## [Raw data]

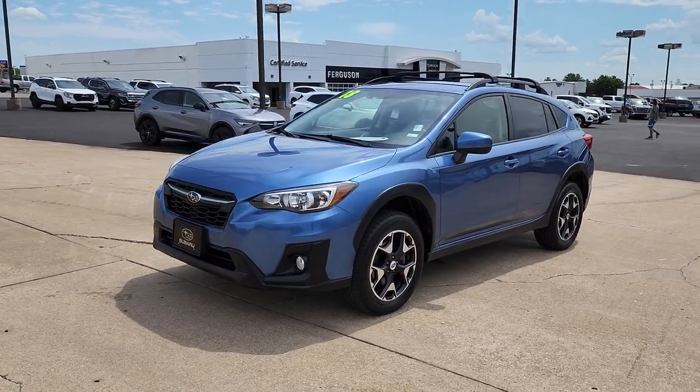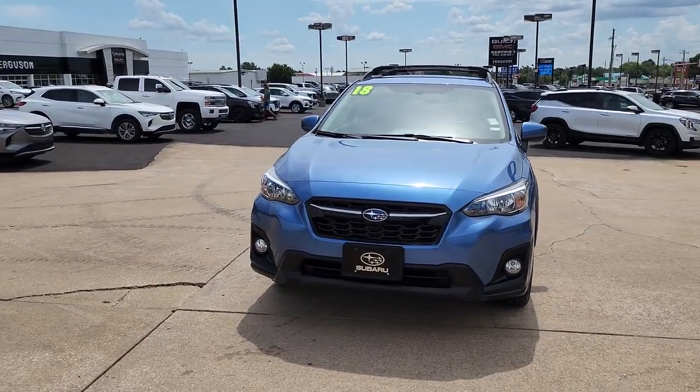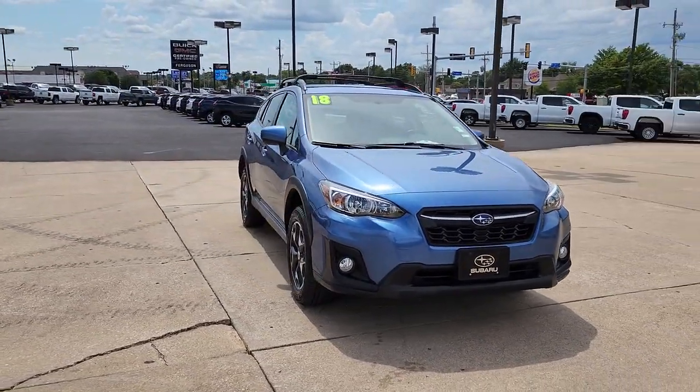You will be amazed by this 2018 Subaru Crosstrek. With less than 30,000 miles on the odometer, this vehicle stands out from the rest.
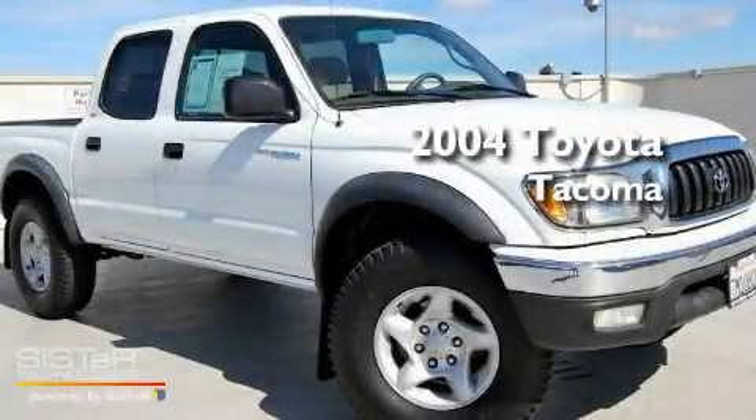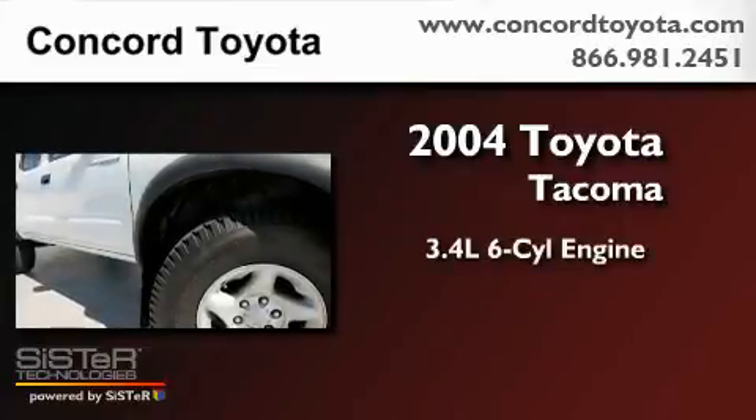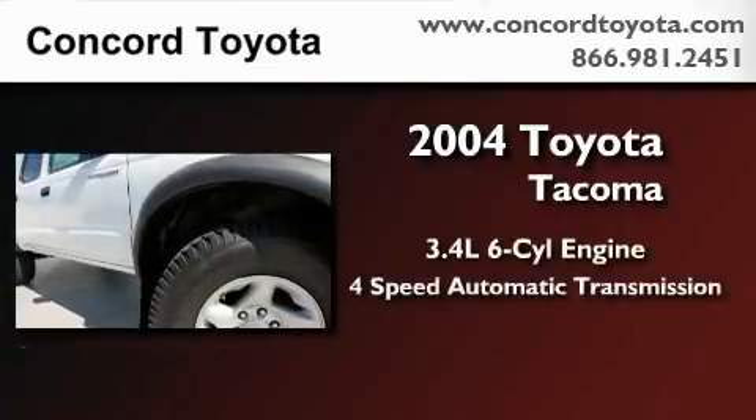This is a 2004 Toyota Tacoma. There's a 3.4-liter, six-cylinder engine and a four-speed automatic transmission.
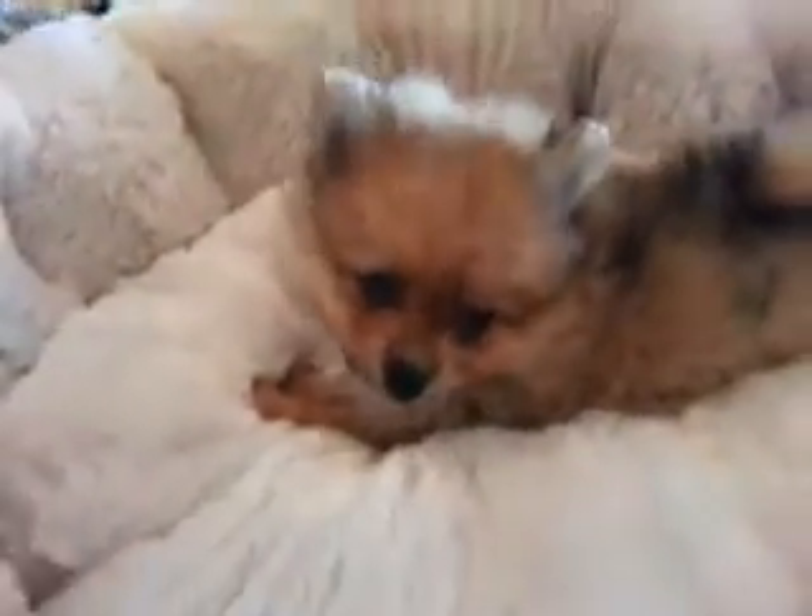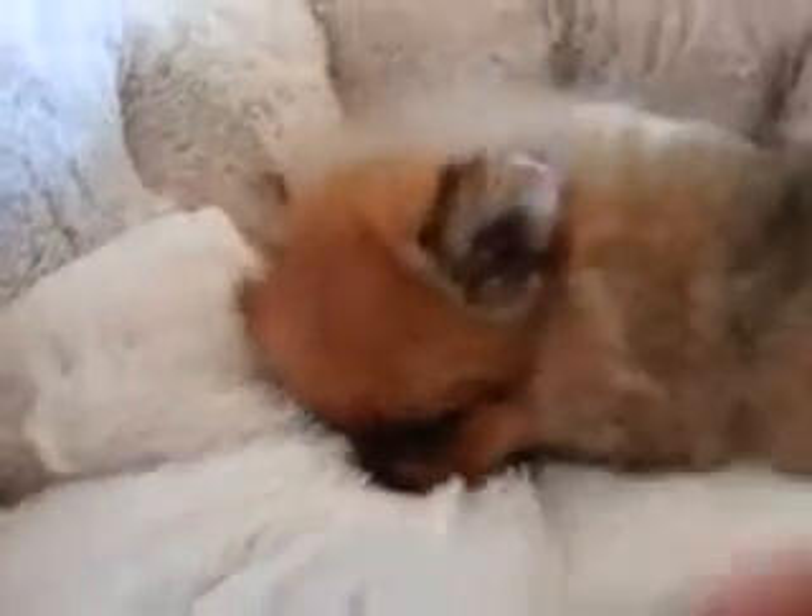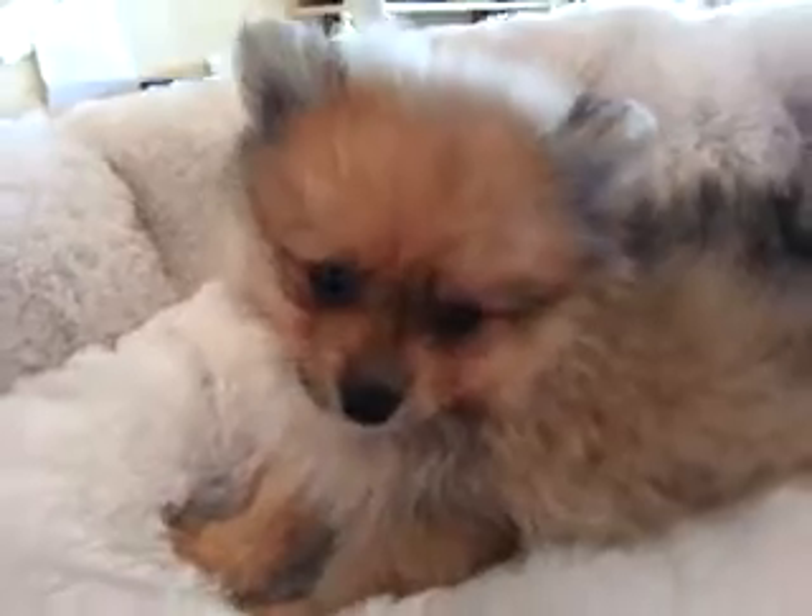Take a look at our little female Pomeranian. She is adorable. This is one cute little girl. Just look at that foxy looking face. She's here in the Boca Raton location of Palm Beach Puppies.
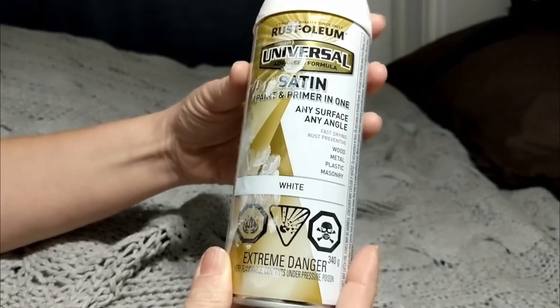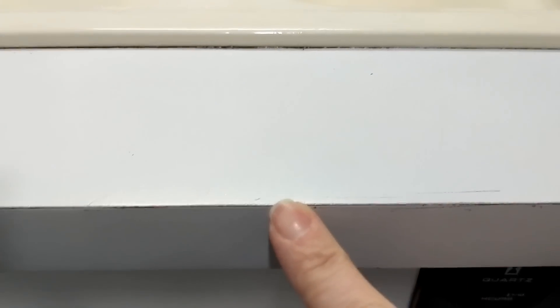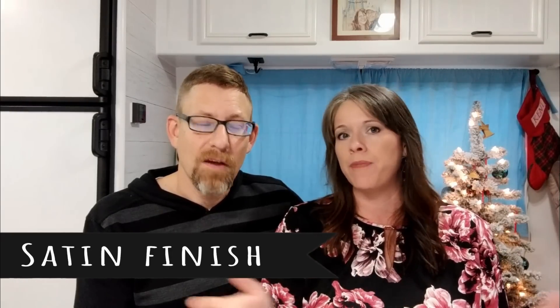I wouldn't recommend spray paint as a long-term solution, but short term it's working out great. It's wearing away along the edges of the counter where you touch it all the time, and right along the edges of the sink. It's also not super easy to clean — I used a matte finish, and a glossy finish would probably be easier to clean. We'll cover more detail in the 'How Not to Renovate an RV' video.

## [Work to complete]
Although the material contains pictures, only the lines are to be written out, exactly as they stand.

## [Exercise answer]
You will be amazed by this 2018 Subaru Crosstrek. With less than 30,000 miles on the odometer, this vehicle stands out from the rest.
This is a 2004 Toyota Tacoma. There's a 3.4-liter, six-cylinder engine and a four-speed automatic transmission.
Take a look at our little female Pomeranian. She is adorable. This is one cute little girl. Just look at that foxy looking face. She's here in the Boca Raton location of Palm Beach Puppies.
I wouldn't recommend spray paint as a long-term solution, but short term it's working out great. It's wearing away along the edges of the counter where you touch it all the time, and right along the edges of the sink. It's also not super easy to clean — I used a matte finish, and a glossy finish would probably be easier to clean. We'll cover more detail in the 'How Not to Renovate an RV' video.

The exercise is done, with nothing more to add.